[Task directions]
Below this line is the material. Write out only its lines from the one containing "Vakantieoord De Bronzen Emmer" through the one containing "Galapagos sea lion", both kept, exactly.

[Supplied records]
/---

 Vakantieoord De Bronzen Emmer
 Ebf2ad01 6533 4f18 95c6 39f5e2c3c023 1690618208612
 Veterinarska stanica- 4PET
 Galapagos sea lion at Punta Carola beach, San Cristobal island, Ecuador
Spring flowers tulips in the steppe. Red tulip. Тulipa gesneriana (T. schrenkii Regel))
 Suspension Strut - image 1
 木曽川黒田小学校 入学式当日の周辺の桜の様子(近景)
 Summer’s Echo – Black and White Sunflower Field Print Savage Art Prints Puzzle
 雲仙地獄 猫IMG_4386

\---
/---

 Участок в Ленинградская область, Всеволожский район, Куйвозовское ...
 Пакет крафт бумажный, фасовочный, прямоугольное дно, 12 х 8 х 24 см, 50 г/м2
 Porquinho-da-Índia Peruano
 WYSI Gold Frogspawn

\---
/---

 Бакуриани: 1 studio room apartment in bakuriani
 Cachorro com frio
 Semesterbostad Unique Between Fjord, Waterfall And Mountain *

\---

[Answer area]
 Vakantieoord De Bronzen Emmer
 Ebf2ad01 6533 4f18 95c6 39f5e2c3c023 1690618208612
 Veterinarska stanica- 4PET
 Galapagos sea lion at Punta Carola beach, San Cristobal island, Ecuador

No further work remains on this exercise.